Assignment → Each line holding the string "Budas" is to be copied from the data.

Exercise input →

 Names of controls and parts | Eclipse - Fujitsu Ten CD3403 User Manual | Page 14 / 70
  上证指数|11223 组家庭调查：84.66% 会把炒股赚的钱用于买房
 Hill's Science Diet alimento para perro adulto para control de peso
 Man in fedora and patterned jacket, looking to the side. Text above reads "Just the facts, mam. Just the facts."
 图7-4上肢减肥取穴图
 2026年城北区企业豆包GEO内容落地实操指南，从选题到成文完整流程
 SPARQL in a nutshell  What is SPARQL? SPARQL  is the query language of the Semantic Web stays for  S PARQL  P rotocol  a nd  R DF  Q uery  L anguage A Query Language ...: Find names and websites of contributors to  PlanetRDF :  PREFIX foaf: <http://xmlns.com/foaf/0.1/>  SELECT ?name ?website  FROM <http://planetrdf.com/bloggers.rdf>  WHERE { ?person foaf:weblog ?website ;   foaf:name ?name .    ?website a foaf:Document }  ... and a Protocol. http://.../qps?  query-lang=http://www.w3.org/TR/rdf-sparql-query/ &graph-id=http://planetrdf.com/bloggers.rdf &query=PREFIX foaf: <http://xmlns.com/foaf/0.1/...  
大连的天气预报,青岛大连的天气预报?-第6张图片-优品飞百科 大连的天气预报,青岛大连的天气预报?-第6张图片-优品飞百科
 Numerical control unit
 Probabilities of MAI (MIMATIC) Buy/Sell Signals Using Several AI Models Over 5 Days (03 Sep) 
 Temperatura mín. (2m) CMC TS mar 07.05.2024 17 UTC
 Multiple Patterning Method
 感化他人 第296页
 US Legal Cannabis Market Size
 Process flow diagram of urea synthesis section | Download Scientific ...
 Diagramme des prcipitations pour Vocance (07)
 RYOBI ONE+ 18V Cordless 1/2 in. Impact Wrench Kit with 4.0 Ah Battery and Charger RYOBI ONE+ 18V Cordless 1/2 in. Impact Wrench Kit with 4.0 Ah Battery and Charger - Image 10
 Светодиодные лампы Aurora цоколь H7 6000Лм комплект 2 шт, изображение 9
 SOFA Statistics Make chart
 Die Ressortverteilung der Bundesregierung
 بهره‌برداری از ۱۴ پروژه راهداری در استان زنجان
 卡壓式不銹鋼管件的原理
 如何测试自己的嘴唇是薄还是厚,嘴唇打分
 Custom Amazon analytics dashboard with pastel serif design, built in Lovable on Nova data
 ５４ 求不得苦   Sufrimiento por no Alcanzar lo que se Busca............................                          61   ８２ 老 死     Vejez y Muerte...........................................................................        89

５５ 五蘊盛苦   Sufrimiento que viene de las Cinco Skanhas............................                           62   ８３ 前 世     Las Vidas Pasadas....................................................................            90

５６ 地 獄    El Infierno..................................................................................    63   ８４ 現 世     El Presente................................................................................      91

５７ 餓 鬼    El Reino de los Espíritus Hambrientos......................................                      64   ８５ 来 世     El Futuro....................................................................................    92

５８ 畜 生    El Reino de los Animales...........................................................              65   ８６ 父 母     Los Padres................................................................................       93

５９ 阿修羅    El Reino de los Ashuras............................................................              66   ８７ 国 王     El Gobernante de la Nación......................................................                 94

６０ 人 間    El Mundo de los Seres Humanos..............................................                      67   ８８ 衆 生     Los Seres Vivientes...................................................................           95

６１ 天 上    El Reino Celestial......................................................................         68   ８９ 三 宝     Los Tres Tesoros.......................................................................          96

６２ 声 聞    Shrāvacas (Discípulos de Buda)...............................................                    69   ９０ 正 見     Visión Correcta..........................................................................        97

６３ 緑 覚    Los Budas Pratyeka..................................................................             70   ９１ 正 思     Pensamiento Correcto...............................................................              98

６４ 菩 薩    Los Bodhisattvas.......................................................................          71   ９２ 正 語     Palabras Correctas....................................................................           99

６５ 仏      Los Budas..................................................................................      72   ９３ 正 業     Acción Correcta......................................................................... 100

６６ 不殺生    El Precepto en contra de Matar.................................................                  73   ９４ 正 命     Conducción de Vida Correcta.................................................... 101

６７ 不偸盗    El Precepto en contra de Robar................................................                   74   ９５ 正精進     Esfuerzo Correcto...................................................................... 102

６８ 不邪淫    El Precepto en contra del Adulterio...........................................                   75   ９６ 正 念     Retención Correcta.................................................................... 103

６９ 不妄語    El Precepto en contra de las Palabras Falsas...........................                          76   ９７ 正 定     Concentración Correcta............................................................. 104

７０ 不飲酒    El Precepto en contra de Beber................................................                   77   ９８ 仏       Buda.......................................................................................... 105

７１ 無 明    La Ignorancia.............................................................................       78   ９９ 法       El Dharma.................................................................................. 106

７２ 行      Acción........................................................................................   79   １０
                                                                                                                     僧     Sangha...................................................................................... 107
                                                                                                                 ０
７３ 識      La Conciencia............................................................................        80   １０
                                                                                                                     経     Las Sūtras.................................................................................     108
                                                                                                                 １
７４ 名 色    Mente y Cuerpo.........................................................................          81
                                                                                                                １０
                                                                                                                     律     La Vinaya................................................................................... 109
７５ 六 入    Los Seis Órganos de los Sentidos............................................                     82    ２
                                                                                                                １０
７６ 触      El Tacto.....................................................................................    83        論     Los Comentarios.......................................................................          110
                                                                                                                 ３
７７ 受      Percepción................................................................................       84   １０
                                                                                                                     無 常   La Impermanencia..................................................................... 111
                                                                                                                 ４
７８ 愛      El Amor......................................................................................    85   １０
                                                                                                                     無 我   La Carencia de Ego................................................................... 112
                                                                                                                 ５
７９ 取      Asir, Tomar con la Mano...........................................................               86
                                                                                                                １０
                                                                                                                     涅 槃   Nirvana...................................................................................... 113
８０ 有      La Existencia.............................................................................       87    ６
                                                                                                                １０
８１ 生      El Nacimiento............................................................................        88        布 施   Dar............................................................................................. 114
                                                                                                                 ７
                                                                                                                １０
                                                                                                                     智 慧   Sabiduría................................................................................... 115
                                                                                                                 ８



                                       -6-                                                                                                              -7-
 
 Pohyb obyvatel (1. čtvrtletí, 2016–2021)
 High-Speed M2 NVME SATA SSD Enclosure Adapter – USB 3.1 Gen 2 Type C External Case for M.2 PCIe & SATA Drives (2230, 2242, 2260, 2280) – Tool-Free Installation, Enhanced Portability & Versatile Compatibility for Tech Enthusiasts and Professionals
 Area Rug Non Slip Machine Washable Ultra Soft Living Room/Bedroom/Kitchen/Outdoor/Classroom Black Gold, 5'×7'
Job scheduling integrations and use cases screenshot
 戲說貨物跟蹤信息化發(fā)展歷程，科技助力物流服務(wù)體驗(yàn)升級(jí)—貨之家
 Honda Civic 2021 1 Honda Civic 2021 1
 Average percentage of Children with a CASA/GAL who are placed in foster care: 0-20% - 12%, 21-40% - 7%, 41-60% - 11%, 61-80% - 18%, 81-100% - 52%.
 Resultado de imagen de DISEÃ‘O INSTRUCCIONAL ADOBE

Answer to the exercise →
６３ 緑 覚    Los Budas Pratyeka..................................................................             70   ９１ 正 思     Pensamiento Correcto...............................................................              98
６５ 仏      Los Budas..................................................................................      72   ９３ 正 業     Acción Correcta......................................................................... 100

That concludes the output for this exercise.